DESCRIPTION (provided by applicant): Inhibitors of type 4 cAMP phosphodiesterase (PDE4) such as rolipram-induced apoptosis in B cell chronic lymphocytic leukemia, even in the absence of exogenous pharmacologic agents that activate adenylate cyclase such as the diterpene forskolin. T cells or T-CLL, in contrast, are resistant to rolipram-induced apoptosis. Rolipram induces a mitochondrial death pathway in B-CLL cells, perhaps in part due to activation of the phosphatase PP2A and dephosphorylation of BAD. Remarkably, cAMP can also activate an antiapoptotic pathway in B-CLL through EPAC1, a cAMP-activated Rap1 GDP exchange factor. B-CLL cells are unique among circulating hematopoietic cells in their functional expression of EPAC1, suggesting EPAC1 signaling may play a role in the pathophysiology of this disease. Specific Aim I. To elucidate the mechanism by which PDE4 inhibitors activate a mitochondrial pathway of apoptosis in B-CLL, we will: A) Determine whether PDE4 inhibitor-induced apoptosis in CLL is PKA-mediated. B) Determine whether rolipram-induced apoptosis in CLL is EPAC-independent. C) Determine the mechanism for rolipram-induced augmented CLL PP2A activity. D) Determine whether PP2A is required for rolipram-mediated apoptosis in CLL. Specific Aim II. To contrast the roles of EPAC and PKA signaling in CLL, we will: A) Determine whether PKA activation by PDE4 inhibitors blocks the ability of EPAC activation to augment B-CLL chemokine transcript levels. B) Determine if EPAC-induced augmentation of chemokine and/or Mcl-1 transcripts is unique to B-CLL among circulating hematopoietic cells. C) Determine if EPAC-induced augmentation of B-CLL survival results from up-regulation of an IL-8 autocrine loop. D) Determine whether PKA and EPAC differentially regulate PI3K or its downstream targets. Specific Aim III. To determine whether the unique expression of functional EPAC in CLL cells is of pathophysiologic importance, we will: A) Examine the effects of EPAC activation on CLL adhesion and migration. B) Compare the effects of EPAC and PKA activation on both basal and chemotherapy-induced CLL survival. C) Compare the effects of EPAC and PKA on CLL and B cell proliferation.

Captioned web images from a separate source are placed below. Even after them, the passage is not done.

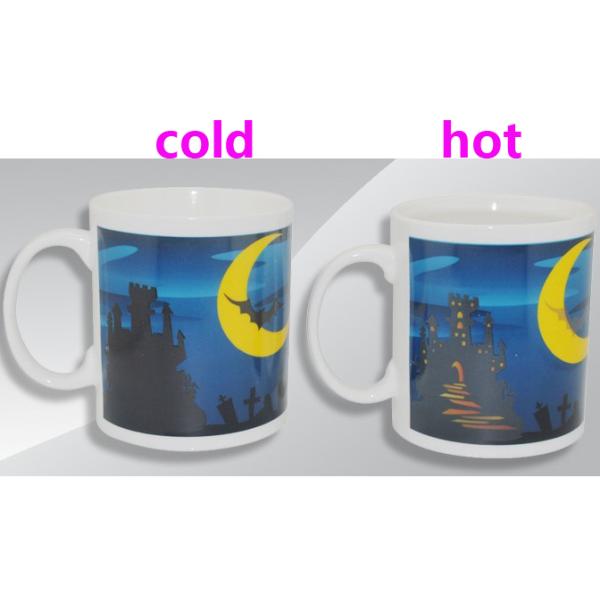 Customized Color Changing Coffee Mug Promotional Gifts Items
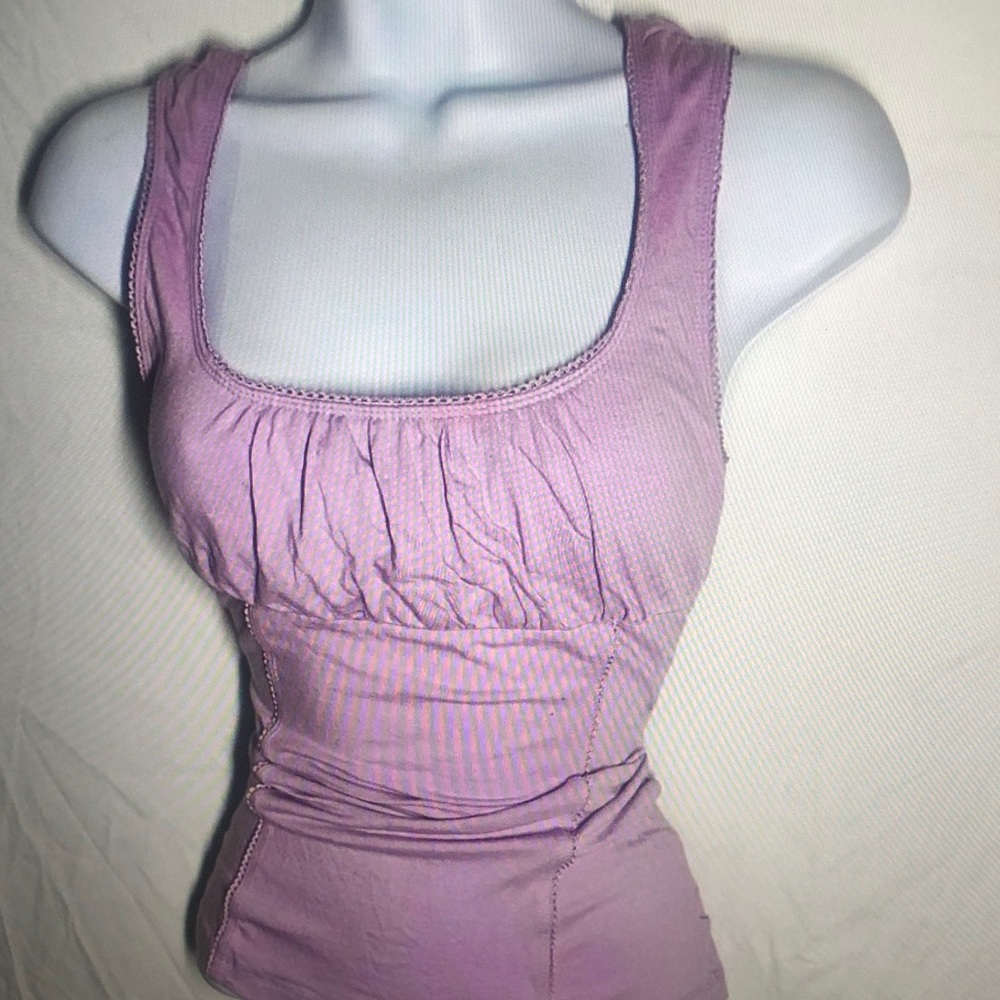 Lavender Sleeveless Top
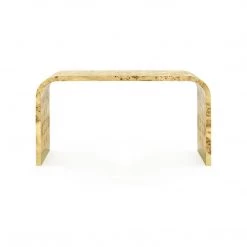 Bungalow 5 - Emil Console, Burl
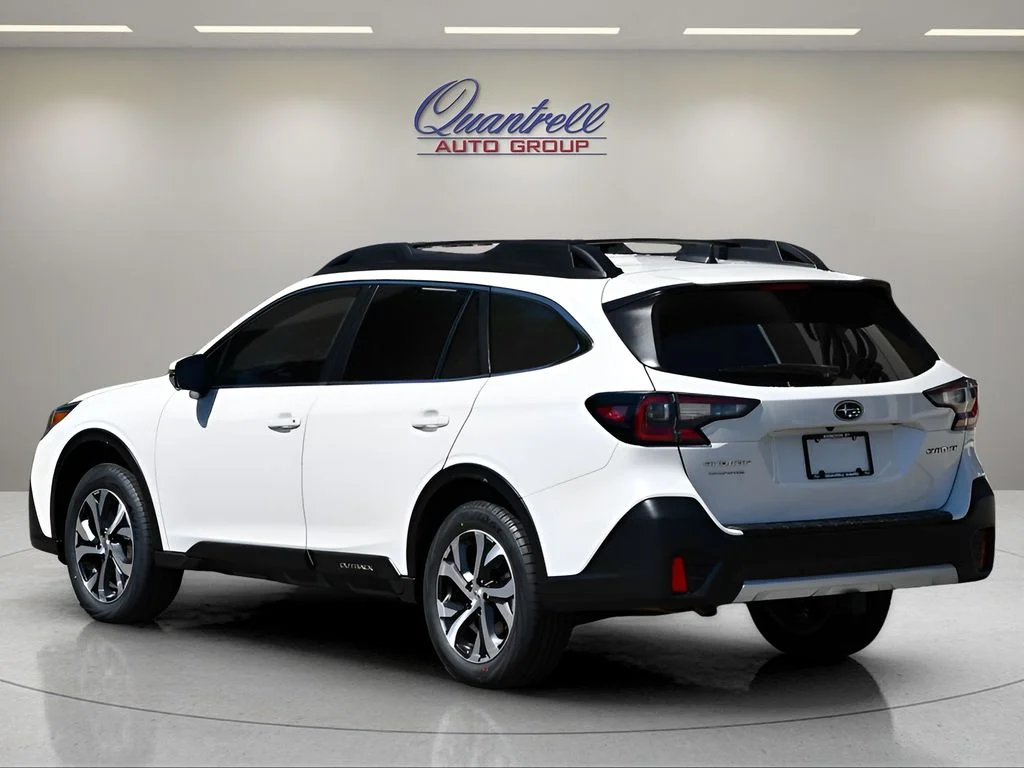 Used 2022 Crystal White Pearl Subaru Limited image 6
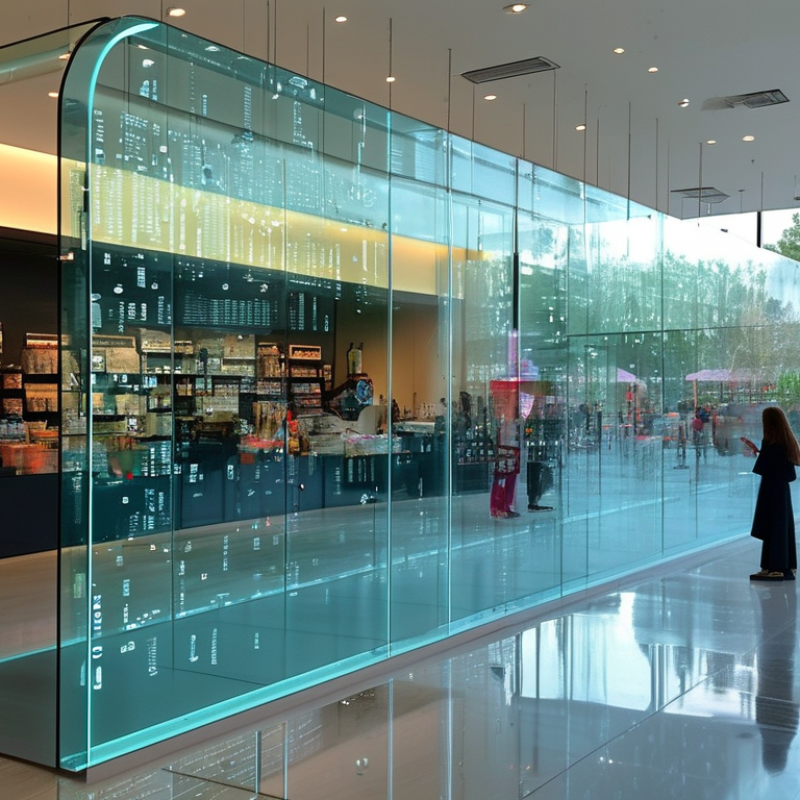Top 10 Benefits of Transparent Guardrail Display Screen for Buyers?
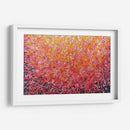 Campo de flores abstracto | Cuadro decorativo de Canvas Lab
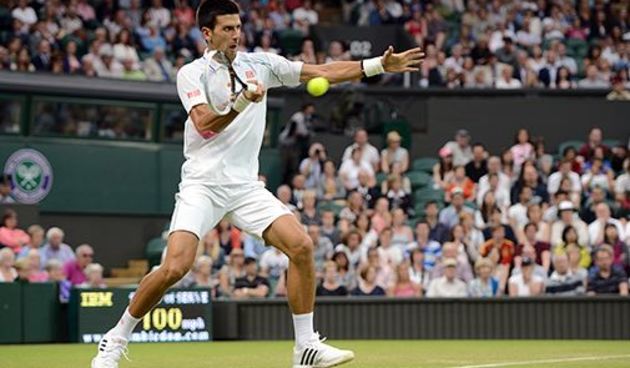 Novak Đoković, foto: wimbledon.com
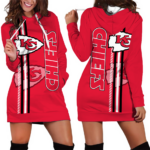 Kansas City Chiefs Hoodie Dress For Women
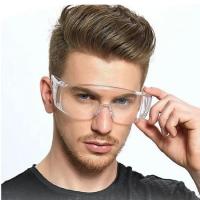 Buy cheap Clear Safety Surgical Medical Protective Goggles Glasses Head Mounted For product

描述（由申请人提供）：4型营CAMP磷酸二酯酶（PDE4）的抑制剂，例如Rolipram诱导的B细胞慢性淋巴细胞性白血病中的Rolipram诱导的凋亡，即使没有外源性药物学剂，这些药物没有激活腺苷酸化酶的外源性药物学剂，例如丁乙烯酸酯循环素。相比之下，T细胞或T-CLL对Rolipram诱导的凋亡具有抗性。 Rolipram诱导B-CLL细胞中的线粒体死亡途径，部分原因是磷酸酶PP2A的激活和不良磷酸化。值得注意的是，CAMP还可以通过CAMP激活的RAP1 GDP交换因子EPAC1激活B-CLL中的抗凋亡途径。 B-CLL细胞在循环造血细胞中在其EPAC1的功能表达中是独一无二的，这表明EPAC1信号传导可能在该疾病的病理生理学中起作用。具体目的I.为了阐明PDE4抑制剂激活B-CLL中凋亡的线粒体途径的机制，我们将：a）确定PDE4抑制剂诱导的CLL中PKA介导的pDE4抑制剂是否介导了PKA介导。 b）确定rolipram诱导的CLL中凋亡是否与EPAC无关。 c）确定Rolipram诱导的增强CLL PP2A活性的机制。 d）确定Rolipram介导的CLL凋亡是否需要PP2A。具体目标II。为了对比EPAC和PKA信号在CLL中的作用，我们将：a）确定PDE4抑制剂的PKA激活是否会阻止EPAC激活增加B-CLL趋化因子转录物水平的能力。 b）确定EPAC诱导的趋化因子和/或MCL-1转录物的增强是否在循环造血细胞中是B-CLL所独有的。 c）确定EPAC诱导的B-CLL存活的增强是否是由IL-8自分泌环上的上调引起的。 d）确定PKA和EPAC是否差异调节PI3K或其下游靶标。特定目标III。为了确定功能EPAC在CLL细胞中的独特表达是否具有病理生理的重要性，我们将：a）检查EPAC激活对CLL粘附和迁移的影响。 b）比较EPAC和PKA激活对基底和化学疗法诱导的CLL存活的影响。 c）比较EPAC和PKA对CLL和B细胞增殖的影响。